Spinning reserve displacement: Using batteries for a more efficient and cleaner way to back up power
Actors have their stunt doubles, great musicians have their understudies, and sportspeople have substitutes – someone to step in when they’re out of action and ensure that the show goes on. But it’s not just sports and showbiz that benefit from having a reliable back-up. In the energy sector, back-up generators are used to ensure that the lights stay on, no matter what happens.
When it comes to energy systems, back-up in the form of so-called “system services” is traditionally provided by fossil fuel-based generators. They must be ready to quickly balance the grid should there be any peaks in demand or sudden disruption in supply and, in some situations, be capable of getting power stations back up and running when a generator trips offline.
The problem is that thermal generators take some time to fire up, meaning they can’t react instantly, especially when they first have to cold start.
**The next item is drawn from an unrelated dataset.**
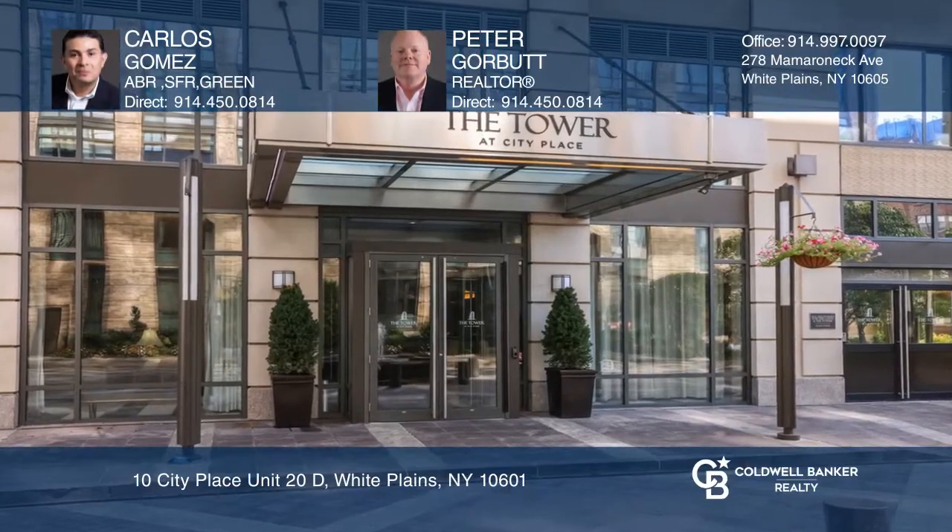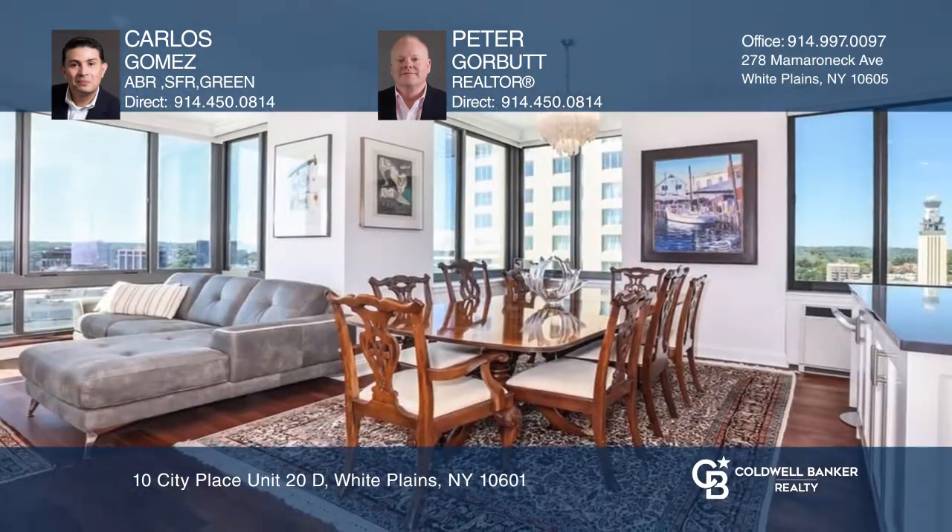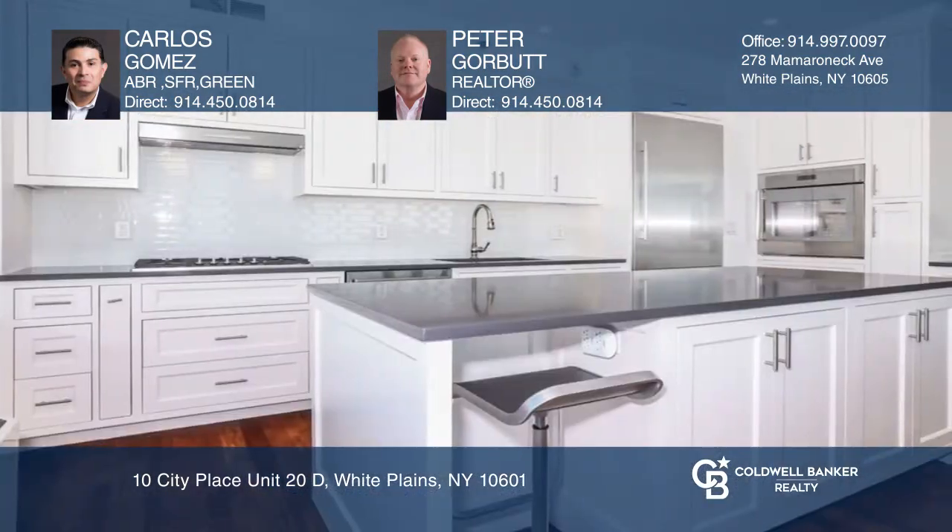Welcome to this two-bedroom, two-and-one-half-bath apartment. Enjoy tons of open living space, a thoughtful layout, and beautiful finishes throughout with the custom kitchen, spacious bedrooms, and ample storage.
Given the grid must be able to immediately accommodate the loss of the largest generator in its network with little interruption in service, a slow lead time isn’t an option. Instead, these thermal generators stay on constant standby, so that they are ready when called upon to support primary generators. This makes them a physical ‘’spinning reserve’.
Whilst this means that power can be reliably backed up, it also results in higher carbon emission and fuel costs, as thermal assets continue to generate power even when the grid is already fully supplied by renewable sources. In some cases, this may even lead to a situation whereby renewable generation has to be kicked off the grid to make space for the so-called “must-run” spinning reserve capacity.
Bigger, better batteries
In recent years, battery storage technology has developed to the point that it provides a much better alternative. With its ability to provide grid services within milliseconds, a battery storage system can effectively replace spinning reserve generators through so-called “synthetic inertia”.
This battery-based model not only removes the need for fossil fuel-based generators to be running constantly to provide resilience, it means that the other generators in the system, which no longer require the extra headroom of spinning reserve, can be utilised more efficiently, increasing their average load.
The overall effect? Lower fuel costs, lower operations costs, lower emissions and an increased lifespan for the thermal generators on the grid.
Benefits for a remote set-up
The benefits of this technology are also obvious at an industrial site or in a remote community. A system that incorporates battery storage in this way reduces the number of generators necessary to service the same level of demand limiting the number of assets that need maintenance and upkeep when parts are in short supply.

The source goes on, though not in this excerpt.